To witness spectacles of pain: The hypermorality of Georges Bataille
College Literature, Winter 1999 by Itzkowitz, Kenneth
To help emphasize just how offensive, there is a passage near the beginning of Death and Sensuality depicting the spectacle of primitive ritual human sacrifice, the communal production of a wasteful expenditure witnessed in common. Bataille uses the word "sacred" to describe the experience of the witnesses, underlining just how fundamental and revelatory to us he thinks such events were. Disturbing as it must be to us, he holds that the event of the spectacle of ritual sacrifice has power of conveying a profound meaning, This sacredness is the revelation of continuity through the death of a discontinuous being to those who watch it as a solemn rite.
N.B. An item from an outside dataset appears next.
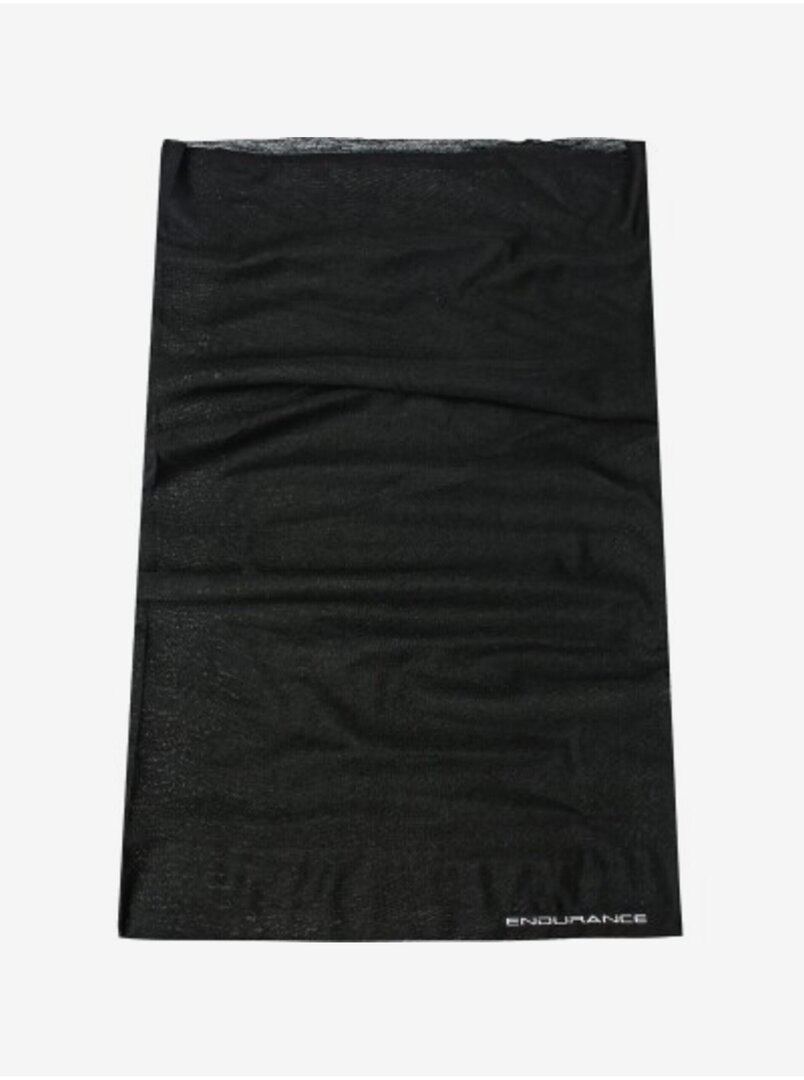 Unisex nákrčník Endurance KOKOI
A violent death disrupts the creature's discontinuity; what remains, what the tense onlookers experience in the succeeding silence, is the continuity of all existence with which the victim is now one. Only a spectacular killing, carried out as the solemn and collective nature of religion dictates, has the power to reveal what normally escapes notice. (Bataille 1962, 16)
It is a disturbing thought that only a spectacular killing, that only events of this kind, can satisfy the human desire for the experience of sacred meaning. Along with a fear of our own immoral excess comes the question of whether hypermorality invites unleashing this destructive excess. Would Bataille like to see us unleashed, perhaps in the style of Charles Manson, to produce our own spectacles of ritual sacrifice?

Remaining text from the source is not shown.